My explanation is that this is all about IP strength. I will expand on this in the rest of this blog, but as prime evidence I offer SanDisk, which sports a P/E of 20.78 yet has continued to invest heavily, together with its partner Toshiba, in fab capacity upgrades.
Let's first look at the previous two decades as Intel grew consistently year after year while riding the PC business growth. During those years, the Intel + Microsoft team was the exclusive vendor in the PC "game." All others had to compete neck-to-neck in this fast-growing commodity market. And, as we all know, broad competition erodes margins and allows only the lowest-cost producer to achieve some profits. In the case of the PC, this erosion actually pushed out the market creator IBM which eventually exited the market and sold its business to Lenovo. The only real winners back then were Microsoft and Intel, who had pivotal differentiating IP. Yes, Intel had a licensor AMD but, as a licensor, AMD had to pay heavy royalties that impacted its profits and helped those of Intel.
Both Intel and Microsoft were able to leverage their unique IP into years of growth, becoming the largest companies in their field.
But being the largest today does not guarantee "tomorrow." Or, as Andy Grove famously said: "Only the paranoid survive".

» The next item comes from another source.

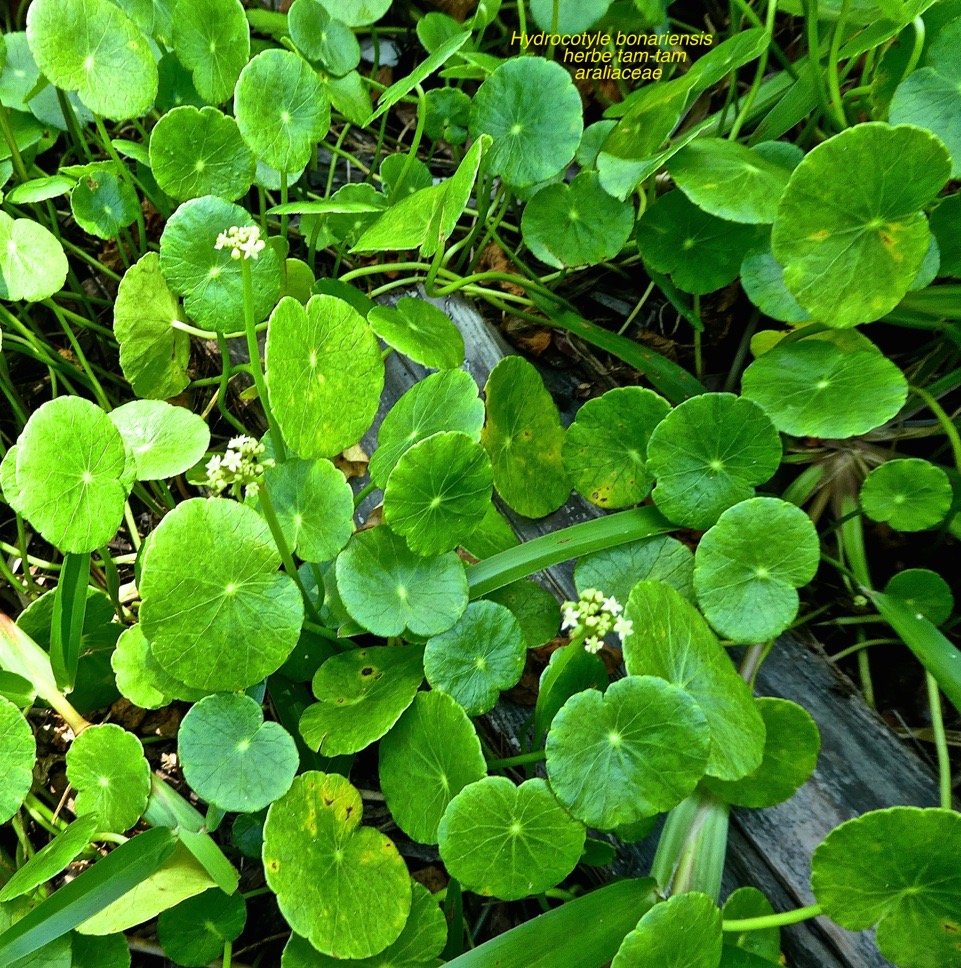 Hydrocotyle bonariensis.herbe tam-tam .araliaceae .espèce envahissante .P1650058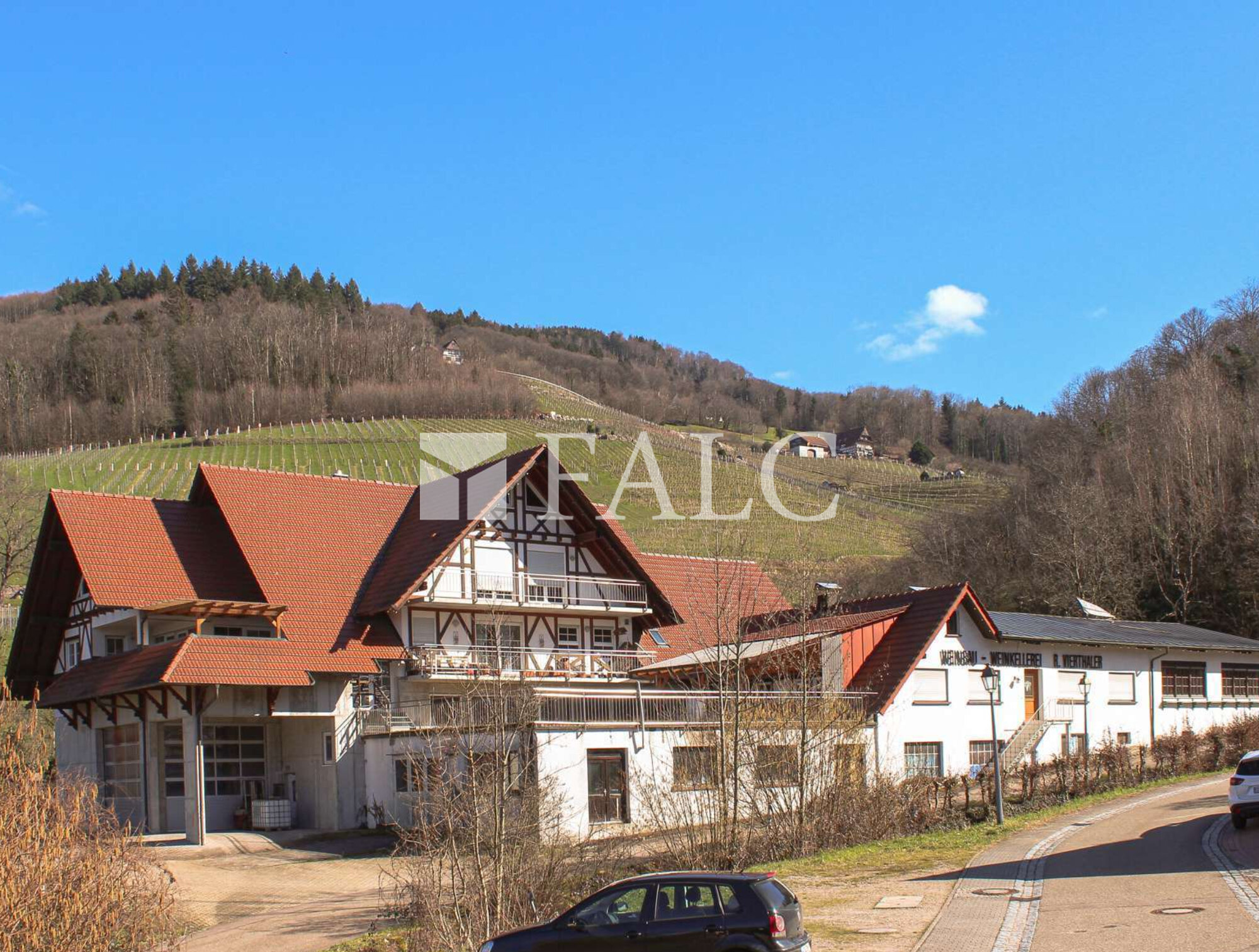 Land-/Forstwirtschaft zum Kauf 38.883 m²<br/>Grundstück Sasbachwalden 77887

The technology world is about change. While many changes are incremental, at times the paradigm changes too. The change that took away Intel's and Microsoft's unchallenged market and IP position was the shift to "smart mobile," or mobile internet, as is illustrated in the following chart.
The technology world is about change. While many of the
changes are incremental, at times the paradigm changes as well.
And, with these changes, new technology leaders have been emerging: companies such as Apple, Qualcomm, and Google.
To make matters even worse, a small company ARM was able to create a disruptive change in the computing engine with its preferred computing architecture, first for "smart mobile," then for tablets, and now it seems to penetrate the PC and the server markets.
In my view, as soon as the investment community realized that Intel's exclusive market and IP position is not relevant to the new market of Mobile Internet, it started to tune down Intel's P/E. This trend even got stronger as investors became concerned regarding Intel's position in the PC and server market.
It should be noted that, in this context, IP is not counted by the number of patents or the quantity of trade secrets, but rather by the ability to exclude competitors from major markets or extract royalties from those competitors, which may make you a winner even when you loose business. This is a status that Qualcomm and other companies such as SanDisk enjoy.
Economists estimate that two-thirds of the value of large businesses in the U.S. can be traced to intangible assets as is illustrated in the following graphic.
Source: Ned Davis Research, 2006.
So, is the game over for Intel? Is the Market irrational, or is the Market perceptive?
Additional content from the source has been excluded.